→ BRIEF
Instruction for the entries that follow: retype exactly the lines from the line with "Brügge Altstadt und" to the line with "خريطة طابوق البحرين", both included, and omit all others.

→ INPUT DATA
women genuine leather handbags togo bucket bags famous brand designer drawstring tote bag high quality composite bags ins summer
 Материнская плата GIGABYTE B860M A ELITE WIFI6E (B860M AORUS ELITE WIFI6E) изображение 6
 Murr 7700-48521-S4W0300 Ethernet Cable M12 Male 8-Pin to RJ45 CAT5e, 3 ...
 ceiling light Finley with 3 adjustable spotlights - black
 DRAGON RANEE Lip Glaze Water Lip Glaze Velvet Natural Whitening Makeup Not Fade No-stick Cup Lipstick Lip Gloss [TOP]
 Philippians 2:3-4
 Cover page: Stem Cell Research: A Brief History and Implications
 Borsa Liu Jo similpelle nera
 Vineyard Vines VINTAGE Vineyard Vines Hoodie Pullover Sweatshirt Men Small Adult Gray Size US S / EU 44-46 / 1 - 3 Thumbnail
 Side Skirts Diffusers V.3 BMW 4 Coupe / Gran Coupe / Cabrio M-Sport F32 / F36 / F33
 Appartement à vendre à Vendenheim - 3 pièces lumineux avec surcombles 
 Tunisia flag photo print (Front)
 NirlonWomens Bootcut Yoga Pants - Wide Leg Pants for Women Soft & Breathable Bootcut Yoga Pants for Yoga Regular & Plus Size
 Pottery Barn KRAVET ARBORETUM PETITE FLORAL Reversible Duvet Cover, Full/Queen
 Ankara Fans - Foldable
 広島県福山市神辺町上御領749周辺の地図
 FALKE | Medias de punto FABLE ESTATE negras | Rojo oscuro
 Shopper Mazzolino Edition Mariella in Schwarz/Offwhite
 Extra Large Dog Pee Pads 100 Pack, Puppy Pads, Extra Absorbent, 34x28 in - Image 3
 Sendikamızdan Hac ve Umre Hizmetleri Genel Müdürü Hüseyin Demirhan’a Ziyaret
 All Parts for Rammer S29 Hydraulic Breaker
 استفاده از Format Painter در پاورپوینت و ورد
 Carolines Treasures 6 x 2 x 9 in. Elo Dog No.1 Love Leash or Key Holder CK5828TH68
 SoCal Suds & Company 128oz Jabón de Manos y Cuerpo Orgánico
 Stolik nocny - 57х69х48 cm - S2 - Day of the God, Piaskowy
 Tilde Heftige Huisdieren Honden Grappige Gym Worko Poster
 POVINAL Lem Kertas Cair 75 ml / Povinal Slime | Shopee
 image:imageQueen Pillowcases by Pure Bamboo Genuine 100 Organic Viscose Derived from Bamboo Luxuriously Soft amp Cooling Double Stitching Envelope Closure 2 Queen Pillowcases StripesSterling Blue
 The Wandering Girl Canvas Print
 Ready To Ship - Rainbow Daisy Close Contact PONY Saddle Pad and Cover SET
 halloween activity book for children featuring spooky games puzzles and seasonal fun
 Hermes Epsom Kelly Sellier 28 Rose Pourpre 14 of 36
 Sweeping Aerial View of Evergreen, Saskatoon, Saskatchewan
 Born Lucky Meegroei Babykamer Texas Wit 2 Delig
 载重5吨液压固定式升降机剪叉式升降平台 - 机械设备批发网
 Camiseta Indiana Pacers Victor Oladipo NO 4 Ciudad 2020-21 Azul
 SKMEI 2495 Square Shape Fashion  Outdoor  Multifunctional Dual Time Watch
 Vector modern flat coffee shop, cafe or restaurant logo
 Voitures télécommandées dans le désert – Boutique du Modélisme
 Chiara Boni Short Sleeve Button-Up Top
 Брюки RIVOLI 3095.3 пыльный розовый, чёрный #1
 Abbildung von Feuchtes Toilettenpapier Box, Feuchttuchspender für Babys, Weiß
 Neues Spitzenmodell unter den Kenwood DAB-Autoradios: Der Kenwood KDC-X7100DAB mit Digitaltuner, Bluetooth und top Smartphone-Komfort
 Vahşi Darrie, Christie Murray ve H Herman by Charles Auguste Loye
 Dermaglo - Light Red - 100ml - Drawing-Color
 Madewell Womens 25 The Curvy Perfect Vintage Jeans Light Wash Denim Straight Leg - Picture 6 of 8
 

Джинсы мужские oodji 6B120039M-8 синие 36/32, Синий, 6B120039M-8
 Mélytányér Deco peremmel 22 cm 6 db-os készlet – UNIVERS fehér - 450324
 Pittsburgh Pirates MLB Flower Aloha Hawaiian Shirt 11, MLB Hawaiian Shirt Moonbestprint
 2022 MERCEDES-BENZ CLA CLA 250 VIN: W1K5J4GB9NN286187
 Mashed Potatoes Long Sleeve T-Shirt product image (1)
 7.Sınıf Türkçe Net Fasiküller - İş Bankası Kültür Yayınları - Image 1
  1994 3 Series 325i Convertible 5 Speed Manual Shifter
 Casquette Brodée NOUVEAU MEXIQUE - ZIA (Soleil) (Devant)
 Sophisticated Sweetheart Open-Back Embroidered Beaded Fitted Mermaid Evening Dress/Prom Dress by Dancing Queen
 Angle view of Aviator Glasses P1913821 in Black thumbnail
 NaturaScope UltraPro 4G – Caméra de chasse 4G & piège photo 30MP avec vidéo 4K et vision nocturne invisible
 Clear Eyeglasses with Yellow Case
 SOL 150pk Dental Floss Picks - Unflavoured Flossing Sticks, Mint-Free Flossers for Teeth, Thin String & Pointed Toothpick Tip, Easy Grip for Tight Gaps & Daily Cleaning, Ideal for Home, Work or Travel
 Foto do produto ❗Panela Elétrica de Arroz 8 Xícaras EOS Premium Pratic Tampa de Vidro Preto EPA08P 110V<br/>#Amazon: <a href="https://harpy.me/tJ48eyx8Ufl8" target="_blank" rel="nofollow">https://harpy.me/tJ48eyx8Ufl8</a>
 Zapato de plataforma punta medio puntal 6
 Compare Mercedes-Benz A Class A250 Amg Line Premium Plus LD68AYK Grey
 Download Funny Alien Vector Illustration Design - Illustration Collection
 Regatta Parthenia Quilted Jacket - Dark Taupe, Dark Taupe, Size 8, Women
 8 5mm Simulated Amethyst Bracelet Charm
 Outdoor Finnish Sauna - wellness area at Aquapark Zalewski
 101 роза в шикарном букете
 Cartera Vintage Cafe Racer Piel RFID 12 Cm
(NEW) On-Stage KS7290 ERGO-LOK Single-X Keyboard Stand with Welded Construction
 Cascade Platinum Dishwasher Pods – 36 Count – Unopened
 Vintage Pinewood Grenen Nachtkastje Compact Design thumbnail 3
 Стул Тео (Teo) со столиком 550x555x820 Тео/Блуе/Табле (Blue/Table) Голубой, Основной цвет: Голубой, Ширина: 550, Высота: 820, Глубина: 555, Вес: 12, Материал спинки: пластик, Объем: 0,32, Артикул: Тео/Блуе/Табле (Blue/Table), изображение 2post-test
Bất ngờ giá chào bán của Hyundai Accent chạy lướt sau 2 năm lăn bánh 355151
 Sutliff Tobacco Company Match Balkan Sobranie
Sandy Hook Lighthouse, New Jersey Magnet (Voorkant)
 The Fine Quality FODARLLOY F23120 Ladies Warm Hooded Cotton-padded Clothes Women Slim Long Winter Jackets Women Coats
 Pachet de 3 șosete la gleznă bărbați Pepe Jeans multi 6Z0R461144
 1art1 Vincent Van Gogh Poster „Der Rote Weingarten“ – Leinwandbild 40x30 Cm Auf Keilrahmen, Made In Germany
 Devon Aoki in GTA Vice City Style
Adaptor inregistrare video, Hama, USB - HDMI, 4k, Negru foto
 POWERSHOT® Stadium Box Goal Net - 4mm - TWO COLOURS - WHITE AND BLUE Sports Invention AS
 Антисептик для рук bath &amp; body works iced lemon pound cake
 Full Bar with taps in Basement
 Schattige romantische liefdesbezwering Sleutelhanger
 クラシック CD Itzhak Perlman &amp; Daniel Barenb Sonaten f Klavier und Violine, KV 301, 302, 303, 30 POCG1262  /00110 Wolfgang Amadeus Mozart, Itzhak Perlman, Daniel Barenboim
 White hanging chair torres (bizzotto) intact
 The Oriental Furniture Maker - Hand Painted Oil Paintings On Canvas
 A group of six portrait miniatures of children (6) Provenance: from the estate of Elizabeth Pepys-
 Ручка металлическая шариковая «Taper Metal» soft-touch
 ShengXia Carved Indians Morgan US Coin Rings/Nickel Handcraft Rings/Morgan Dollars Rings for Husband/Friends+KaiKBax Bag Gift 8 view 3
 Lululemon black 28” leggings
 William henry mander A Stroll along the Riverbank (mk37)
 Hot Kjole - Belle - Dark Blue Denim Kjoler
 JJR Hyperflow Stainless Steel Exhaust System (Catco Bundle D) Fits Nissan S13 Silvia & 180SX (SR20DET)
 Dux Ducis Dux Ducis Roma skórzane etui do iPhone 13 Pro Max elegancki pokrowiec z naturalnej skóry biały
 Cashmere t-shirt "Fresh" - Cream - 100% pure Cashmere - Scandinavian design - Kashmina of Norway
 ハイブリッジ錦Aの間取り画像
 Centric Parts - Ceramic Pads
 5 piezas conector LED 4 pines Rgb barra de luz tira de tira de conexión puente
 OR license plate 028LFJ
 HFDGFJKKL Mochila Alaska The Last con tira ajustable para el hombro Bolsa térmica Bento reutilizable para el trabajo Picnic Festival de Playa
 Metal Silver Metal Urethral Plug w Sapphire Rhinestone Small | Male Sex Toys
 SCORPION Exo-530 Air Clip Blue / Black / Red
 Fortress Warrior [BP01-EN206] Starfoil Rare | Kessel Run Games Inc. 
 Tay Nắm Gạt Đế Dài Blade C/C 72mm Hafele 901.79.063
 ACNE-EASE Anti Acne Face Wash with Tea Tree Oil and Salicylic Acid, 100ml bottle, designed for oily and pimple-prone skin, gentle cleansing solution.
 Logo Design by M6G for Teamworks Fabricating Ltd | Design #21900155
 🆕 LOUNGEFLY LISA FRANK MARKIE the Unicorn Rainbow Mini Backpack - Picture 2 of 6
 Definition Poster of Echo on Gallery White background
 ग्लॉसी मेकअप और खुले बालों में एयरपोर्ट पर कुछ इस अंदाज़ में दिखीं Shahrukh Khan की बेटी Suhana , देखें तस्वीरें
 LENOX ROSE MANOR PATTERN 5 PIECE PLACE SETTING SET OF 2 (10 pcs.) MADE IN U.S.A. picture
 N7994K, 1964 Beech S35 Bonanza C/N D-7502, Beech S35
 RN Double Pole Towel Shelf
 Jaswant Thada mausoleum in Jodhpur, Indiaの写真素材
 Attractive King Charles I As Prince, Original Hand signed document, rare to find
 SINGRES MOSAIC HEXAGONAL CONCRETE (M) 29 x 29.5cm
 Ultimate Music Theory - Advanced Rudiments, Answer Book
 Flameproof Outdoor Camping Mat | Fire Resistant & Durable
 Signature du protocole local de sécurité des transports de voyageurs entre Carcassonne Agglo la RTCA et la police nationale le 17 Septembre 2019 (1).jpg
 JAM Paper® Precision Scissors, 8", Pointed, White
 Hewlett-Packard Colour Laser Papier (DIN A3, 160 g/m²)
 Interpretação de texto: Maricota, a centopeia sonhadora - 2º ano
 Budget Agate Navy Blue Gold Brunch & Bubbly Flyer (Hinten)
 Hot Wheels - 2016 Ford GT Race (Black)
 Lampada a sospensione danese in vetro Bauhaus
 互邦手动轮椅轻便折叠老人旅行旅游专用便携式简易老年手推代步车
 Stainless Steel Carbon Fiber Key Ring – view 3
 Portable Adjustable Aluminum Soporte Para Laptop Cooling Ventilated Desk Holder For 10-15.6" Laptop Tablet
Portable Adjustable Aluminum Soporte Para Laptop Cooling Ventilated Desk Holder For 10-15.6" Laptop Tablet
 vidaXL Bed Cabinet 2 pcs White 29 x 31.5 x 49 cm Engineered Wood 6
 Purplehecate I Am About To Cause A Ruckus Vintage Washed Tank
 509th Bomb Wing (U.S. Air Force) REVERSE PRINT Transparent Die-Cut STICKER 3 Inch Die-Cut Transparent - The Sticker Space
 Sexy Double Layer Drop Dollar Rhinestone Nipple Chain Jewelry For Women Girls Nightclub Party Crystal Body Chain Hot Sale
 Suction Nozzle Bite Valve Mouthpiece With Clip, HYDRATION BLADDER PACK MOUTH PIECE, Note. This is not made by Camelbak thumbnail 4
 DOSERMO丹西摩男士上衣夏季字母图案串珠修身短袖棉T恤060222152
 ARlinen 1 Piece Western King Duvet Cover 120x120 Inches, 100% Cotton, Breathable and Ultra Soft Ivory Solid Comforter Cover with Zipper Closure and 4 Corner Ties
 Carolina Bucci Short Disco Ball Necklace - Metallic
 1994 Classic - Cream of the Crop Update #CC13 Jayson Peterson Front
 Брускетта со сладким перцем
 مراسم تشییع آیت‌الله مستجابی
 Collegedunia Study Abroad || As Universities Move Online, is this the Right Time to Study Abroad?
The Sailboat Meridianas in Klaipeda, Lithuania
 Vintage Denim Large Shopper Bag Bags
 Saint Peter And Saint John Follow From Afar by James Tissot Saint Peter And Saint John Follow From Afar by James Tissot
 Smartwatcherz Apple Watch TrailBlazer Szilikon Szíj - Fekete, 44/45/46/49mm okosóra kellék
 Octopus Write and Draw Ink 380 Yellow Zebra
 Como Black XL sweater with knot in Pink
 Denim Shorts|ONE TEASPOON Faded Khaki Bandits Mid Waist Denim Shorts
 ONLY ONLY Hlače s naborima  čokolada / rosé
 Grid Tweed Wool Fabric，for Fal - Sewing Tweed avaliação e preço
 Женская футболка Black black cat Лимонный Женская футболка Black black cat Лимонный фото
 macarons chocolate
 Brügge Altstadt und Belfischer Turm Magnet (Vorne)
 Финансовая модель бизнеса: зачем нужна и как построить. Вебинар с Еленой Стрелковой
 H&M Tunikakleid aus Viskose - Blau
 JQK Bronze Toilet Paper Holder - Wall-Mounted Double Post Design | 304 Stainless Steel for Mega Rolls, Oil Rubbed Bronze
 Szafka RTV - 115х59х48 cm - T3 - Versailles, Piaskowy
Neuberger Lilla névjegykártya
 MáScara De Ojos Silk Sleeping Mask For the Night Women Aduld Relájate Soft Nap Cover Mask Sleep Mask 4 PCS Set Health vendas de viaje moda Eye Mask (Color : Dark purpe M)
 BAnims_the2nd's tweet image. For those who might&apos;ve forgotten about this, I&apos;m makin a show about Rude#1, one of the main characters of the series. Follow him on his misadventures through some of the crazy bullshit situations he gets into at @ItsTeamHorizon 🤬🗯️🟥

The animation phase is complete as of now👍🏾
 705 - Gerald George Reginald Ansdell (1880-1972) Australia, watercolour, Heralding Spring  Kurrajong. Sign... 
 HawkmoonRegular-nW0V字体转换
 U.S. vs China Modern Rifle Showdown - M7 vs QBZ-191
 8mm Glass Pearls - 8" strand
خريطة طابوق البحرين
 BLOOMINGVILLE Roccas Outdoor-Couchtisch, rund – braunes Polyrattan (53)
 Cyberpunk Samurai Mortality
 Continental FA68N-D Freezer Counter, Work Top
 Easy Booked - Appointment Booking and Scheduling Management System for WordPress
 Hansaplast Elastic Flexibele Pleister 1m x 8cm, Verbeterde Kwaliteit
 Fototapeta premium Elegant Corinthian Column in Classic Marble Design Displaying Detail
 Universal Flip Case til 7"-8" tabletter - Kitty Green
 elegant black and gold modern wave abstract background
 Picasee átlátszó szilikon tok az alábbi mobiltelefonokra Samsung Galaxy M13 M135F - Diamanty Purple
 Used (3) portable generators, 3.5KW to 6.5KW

→ TASK RESPONSE
 Brügge Altstadt und Belfischer Turm Magnet (Vorne)
 Финансовая модель бизнеса: зачем нужна и как построить. Вебинар с Еленой Стрелковой
 H&M Tunikakleid aus Viskose - Blau
 JQK Bronze Toilet Paper Holder - Wall-Mounted Double Post Design | 304 Stainless Steel for Mega Rolls, Oil Rubbed Bronze
 Szafka RTV - 115х59х48 cm - T3 - Versailles, Piaskowy
Neuberger Lilla névjegykártya
 MáScara De Ojos Silk Sleeping Mask For the Night Women Aduld Relájate Soft Nap Cover Mask Sleep Mask 4 PCS Set Health vendas de viaje moda Eye Mask (Color : Dark purpe M)
 BAnims_the2nd's tweet image. For those who might&apos;ve forgotten about this, I&apos;m makin a show about Rude#1, one of the main characters of the series. Follow him on his misadventures through some of the crazy bullshit situations he gets into at @ItsTeamHorizon 🤬🗯️🟥

The animation phase is complete as of now👍🏾
 705 - Gerald George Reginald Ansdell (1880-1972) Australia, watercolour, Heralding Spring  Kurrajong. Sign... 
 HawkmoonRegular-nW0V字体转换
 U.S. vs China Modern Rifle Showdown - M7 vs QBZ-191
 8mm Glass Pearls - 8" strand
خريطة طابوق البحرين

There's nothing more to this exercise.